No quiere decir que sean desdeñables las pequeñas virtudes de la decencia laica básica de los diez mandamientos, y hasta las excesivas de la santidad extrema tan parecida a la locura en los anacoretas de antes de la invención de los monasterios. Era un mundo surrealista plagado de visiones, amenazas del fin, personajes hiperbólicos que hacían milagros y a veces se emasculaban por servir de ejemplo. En ocasiones, dice la historia, la bondad fue incluso peligrosa. Muchas personas, por pasarse de buenas, fueron matadas por sus vecinos, que después se repartieron las reliquias y les levantaron una capilla. Reinaba el terror de Dios, y el diablo guardaba el umbral entre el bien y el mal echando pedos de azufre y los ángeles andaban por las pescaderías. Es imposible juzgar esas confusas instancias con los parámetros de ahora. Es evidente que sirvieron a la supervivencia de la especie, y nos permitieron vivir juntos, con dificultades y todo, hasta hoy. La metáfora india canta el loto que se levanta del légamo, inmaculado, iluminándolo. Y la de Freud convirtió la antigua vanagloria de la conciencia en la punta de un iceberg apenas, cuya masa mayor permanece sumergida, pero activa en la cúspide iluminada con una luz que nos atribuimos como prueba de identidad.
La discriminación entre el asesino político y el asesino por interés egoísta es abusiva. El egoísta también hace política. Y todos los héroes, rémoras del narcisismo, suelen dar muestras tempranas del deseo de ser colgados en alguna cruz cuando crezcan. Y es justo complacerlos.
Los viejos místicos ya advirtieron la facilidad con que la humildad y la castidad pueden precipitarse en el envanecimiento de una superioridad. La debilidad moral de los castos es la soberbia. El odio de la vida carnal debe ser la clave del pecado contra el espíritu que el evangelio dejó sin explicar.

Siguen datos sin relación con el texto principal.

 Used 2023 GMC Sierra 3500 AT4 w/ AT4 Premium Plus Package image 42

El superhombre nietzscheano tan vilipendiado aspira a recobrar los derechos de la naturaleza instintiva, pero no como el siervo de las supersticiones ideológicas sino como el que sabe escuchar las voces de sus mejores impulsos para darse sus propias leyes. Nietzsche, un hombre casto, aspiraba a la orgía dionisiaca sin embargo, y no encuentra salvación posible fuera de la creación artística. Cuya máxima expresión sería la danza.

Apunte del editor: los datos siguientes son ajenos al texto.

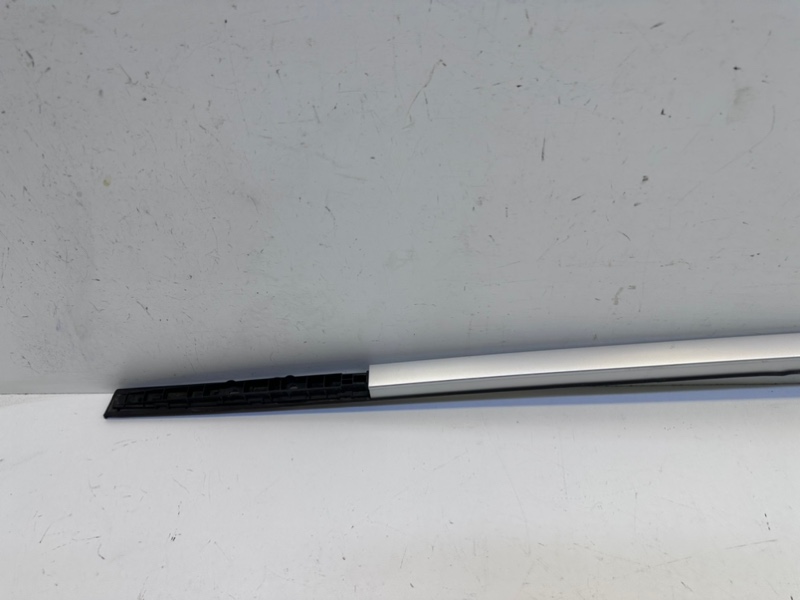 Рейлинг (релинг) правый (планка на крышу)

La ley está condenada a castigar y a calibrar la culpa. El derecho convierte el alma humana en una cosa demasiado inteligible para ser cierta, y el individuo es cargado con el peso de todos los pecados del mundo, convertido en cordero absurdo. Los últimos neohegelianos del siglo XX descubrieron que la víctima y el verdugo están cobijados por una identidad misteriosa. Hay un parentesco entre la endeble llama votiva del vaso de un altar, aunque consagre una mentira piadosa, y la retumbante llamarada de la bomba capaz de resolver el problema del ser y el no ser en un nanosegundo. Nabokov dice en Cosas transparentes que un asesino que se ve a sí mismo como una víctima es además un imbécil. Pero todo sucede como si la teología católica, fértil en ideaciones poéticas, tuviera la razón. Tal vez el pecado original sea la impronta de la bestia del origen, la sombra de un pasado insuperable todavía. Se legisla para la familia cuando las relaciones familiares se dañan. Dice el Tao. Y que se predica la paz cuando hay guerra. El gnóstico Pablo, el fundador del cristianismo, dijo que la ley hace el pecado. No es solo una perogrullada presidencial. Pero no sirve para gobernar. Los reyes filósofos son una fantasía de Platón. Como el cuento de la partenogénesis sexual.